How To Get Employees Back In The Office
Photo by Jud Mackrill on Unsplash
Many business leaders struggle to get workers back into the office. Many workers, of course, don’t really want to go there. They are happy—or at least not so miserable—sitting home in their sweats working remotely or at least checking in on Slack or Teams to appear to be working.
Before going to a great effort to get employees back into the office, managers should ponder what the return will be on that effort. This is a plain, old-fashioned return on investment problem: what will be the gain from all of the investment of managerial attention and incentives needed to achieve the goal?

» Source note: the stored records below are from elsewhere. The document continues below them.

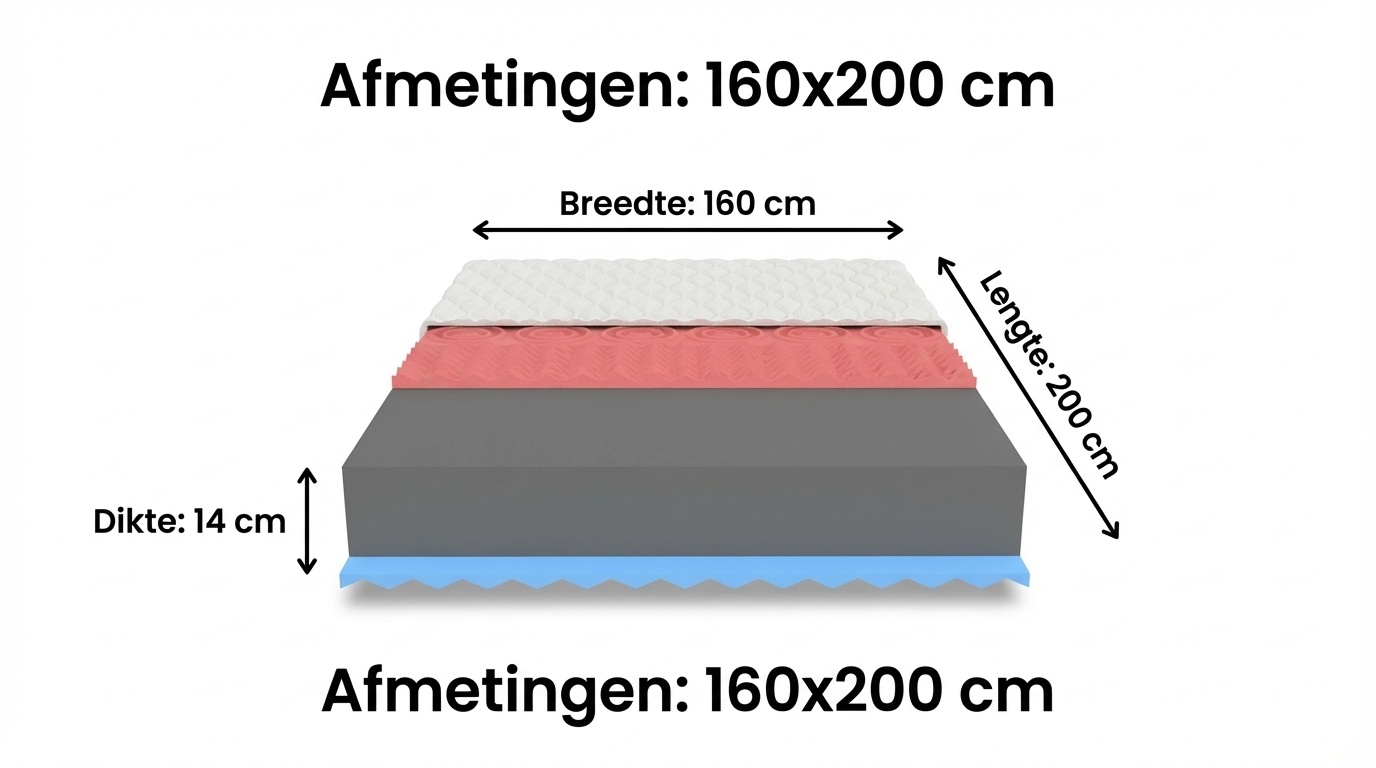 Matras 160x200 HR schuim | 14cm dik, H3 hard, wit, HR & Visco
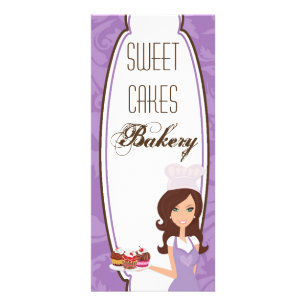 4"x9" Price List Brunette Baker Purple Cup Cakes Rack Card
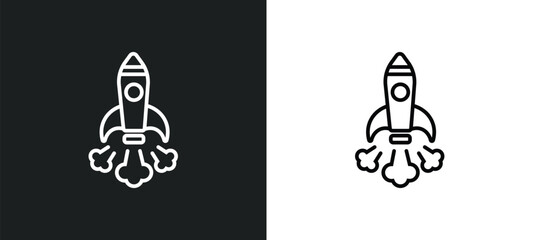 Wall Mural - space rocket launch line icon in white and black colors. space rocket launch flat vector icon from s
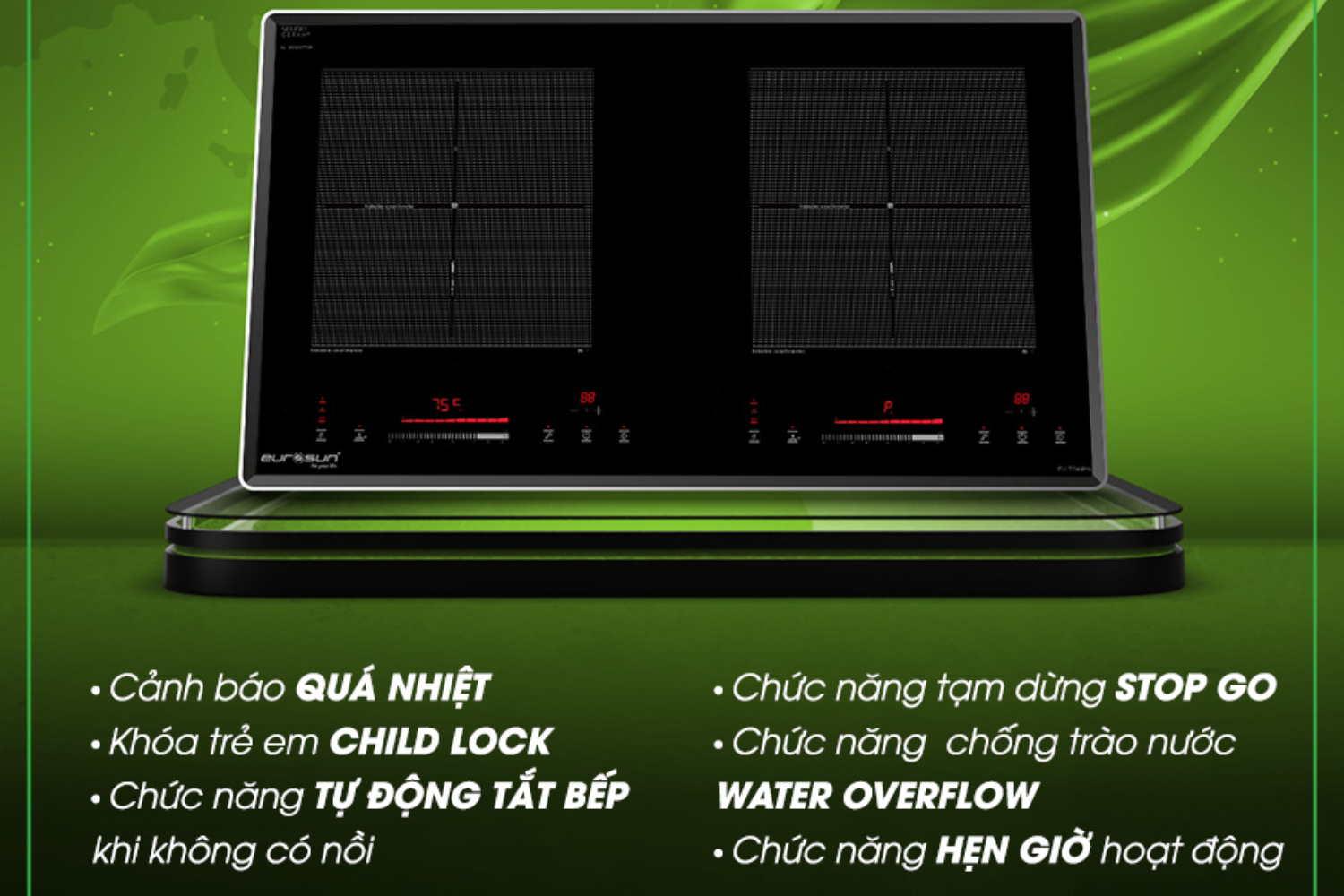 Bếp Từ Eurosun EU-T798pro | Lắp Âm 02 Vùng Nấu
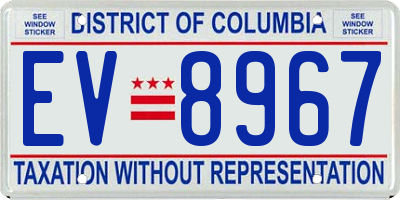 DC license plate EV8967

Few can quantify the benefits of people returning to the office; some things cannot be easily measured. If the subject is customer service staff helping people over the phone, it’s probably easy to quantify productivity from the office compared to productivity at home. But what about a person developing a project marketing plan or laying out steps for a complex project or answering unique accounting questions? Productivity is hard to measure in many jobs, but managers should measure it when they can.
Many managers want their workers to get to know each other, helping new employees absorb the culture and cross-pollinating ideas. These are mostly immeasurable, especially regarding the company’s bottom line. In many areas, they may be of substantial benefit though hard to quantify.
But before moving forward with a return-to-work effort, leaders should consider whether the office environment actually fosters that benefit. Many companies shifted to open office arrangements to get more collaboration. They ended up with people distracted from their work by continuous noise. So the workers plugged themselves into headphones in order to concentrate, withdrawing from conversation opportunities.
Human beings are probably wired to better understand one another through face-to-face contact. Video and telephone calls, as well as emails and text messages, can work, but think of those tools like coasting on a bicycle. After the rider has built up speed, coasting is easy. But one cannot get to a destination coasting all the way. The face-to-face relationships are peddling; they have to be renewed periodically, with coasting in between.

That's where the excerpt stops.